PurelyFunctional.tv Newsletter 223: The Clojure Density of the Universe


Issue 223 - May 01, 2017


Hi Clojurers,

As I write this, I am still basking in a post-brunch afterglow. I picked up three Clojurists (and one soon-to-be Clojurist) in town for a conference and took them to brunch. It was a little hectic with rain and tons of tourists in town, and potentially bad choice of a first New Orleans brunch experience by me, but in the end, everyone was fed.

It has me thinking about the Clojure density of the universe. I mean, we literally saw Nicolás Berger and his soon-to-be-Clojurer friend standing on the sidewalk waiting for a bus and picked him up for brunch. What does this mean about the Clojure world? Has it reached a critical mass? As long as Clojure is growing faster than the world population is increasing, I think we have a chance. Is Clojure growing faster than the expansion of the universe? And as average Clojure salaries are the highest in the world, what does that mean about the collective buying power of the Clojure community? (BTW, please buy a membership :) If Clojure salaries increase faster than inflation, it could be a good investment.

Deep thoughts.

Please enjoy the issue.

Rock on!

PS Want to get this in your email? Subscribe!


rts-blog

Eivind Magnus Hvidevold is creating a Realtime Strategy Game in ClojureScript with WebGL. It's a pretty cool view of how something like this can be created.

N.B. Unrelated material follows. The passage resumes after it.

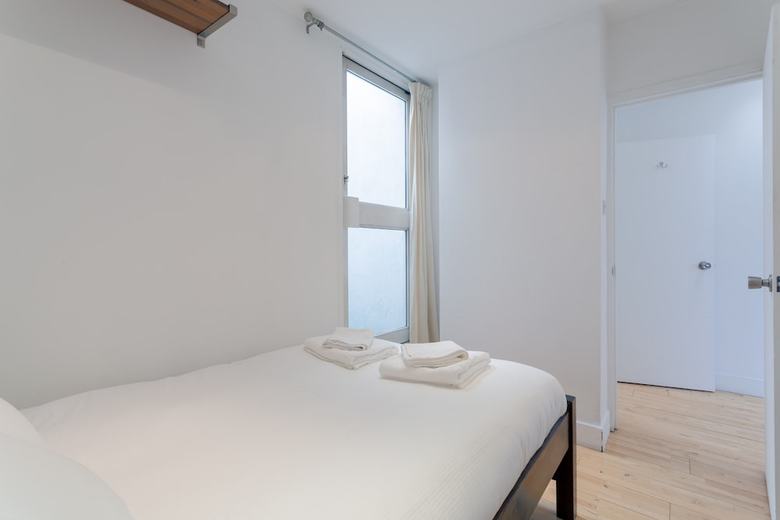Lovely 2 Bedroom Apartment In Saint John's Hill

Why Functional Programming?

People often ask me why they should learn functional programming. Every time they ask, I get stuck. There are so many reasons, I don't know where to start. So I wrote this up and recorded eleven reasons to learn functional programming. I would really appreciate if you'd share this with your friends on the internet.


Clojure 1.9 and clojure.spec are splitting up

Spec was announced over a year ago now. It was meant to be a part of Clojure 1.9 in order to make it a first-class, official library in the community. But it's been a while and it doesn't look like the API has stabilized yet. It is still in alpha. It is now blocking other improvements to Clojure due to be released in 1.9. According to Alex Miller, the plan now is to split clojure.spec out as its own library so that Clojure and Spec can evolved independently. It appears that Clojure 1.9 will depend on this alpha version of Spec. This is an important change. If you've started using Clojure 1.9, you will need to update some namespaces.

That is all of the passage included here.